▸ **EXERCISE INSTRUCTIONS**: I'd ask you to write out the lines below exactly, with no images.

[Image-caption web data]

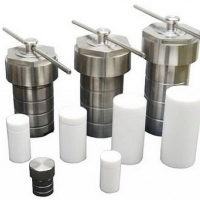 水熱反應(yīng)釜圖片 1477636017640123.jpg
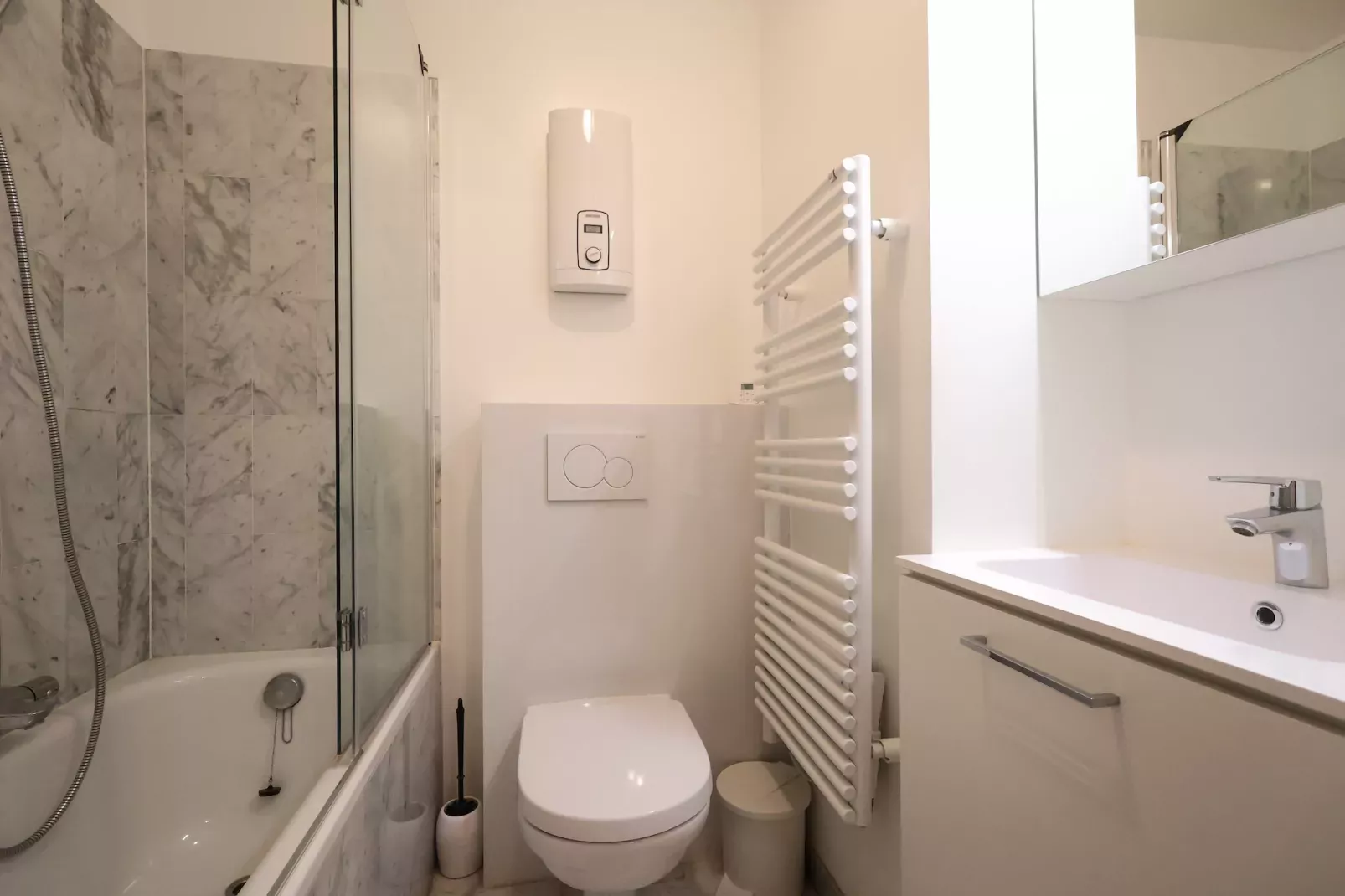 PLAZA A2/0022-Badezimmer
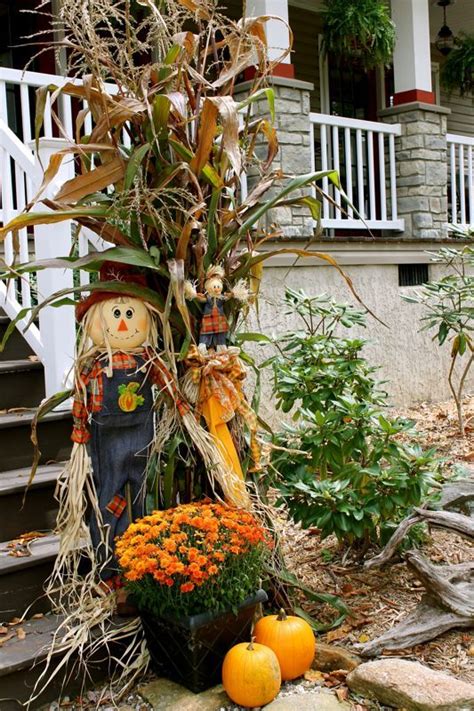 Find all outdoor christmas decorations at wayfair. 57 Cozy Thanksgiving Porch Décor Ideas - DigsDigs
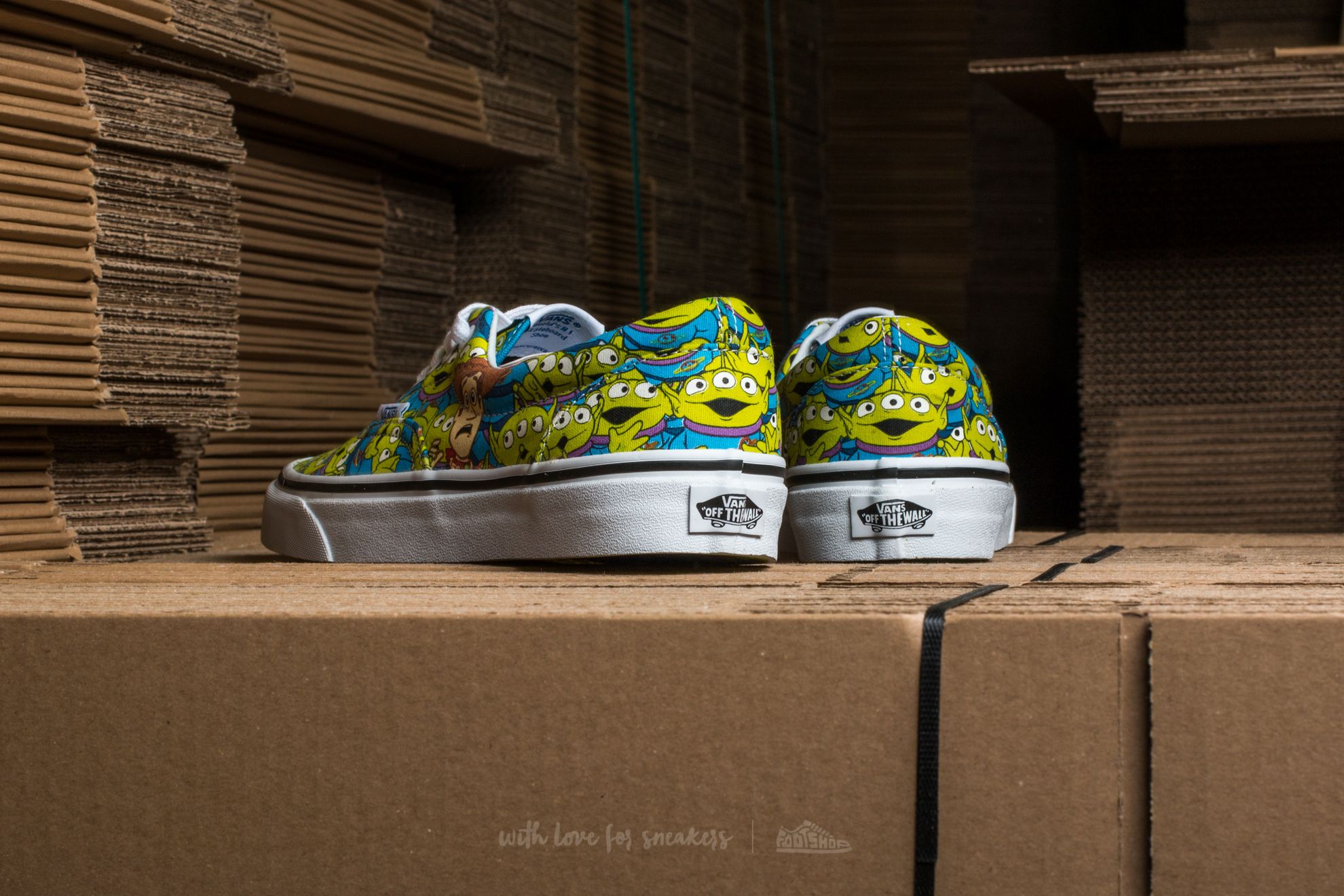 Vans era discount toy story aliens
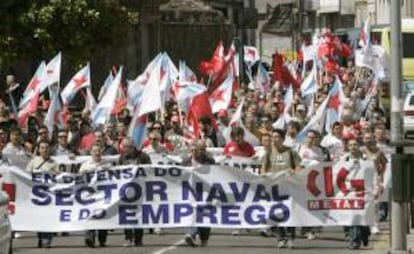 Manifestación por las calles de Santiago para defender la situación de los astilleros de la comunidad gallega. EFE/Archivo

▸ **WRITTEN RESPONSE**:
 水熱反應(yīng)釜圖片 1477636017640123.jpg
 PLAZA A2/0022-Badezimmer
 Find all outdoor christmas decorations at wayfair. 57 Cozy Thanksgiving Porch Décor Ideas - DigsDigs
 Vans era discount toy story aliens
 Manifestación por las calles de Santiago para defender la situación de los astilleros de la comunidad gallega. EFE/Archivo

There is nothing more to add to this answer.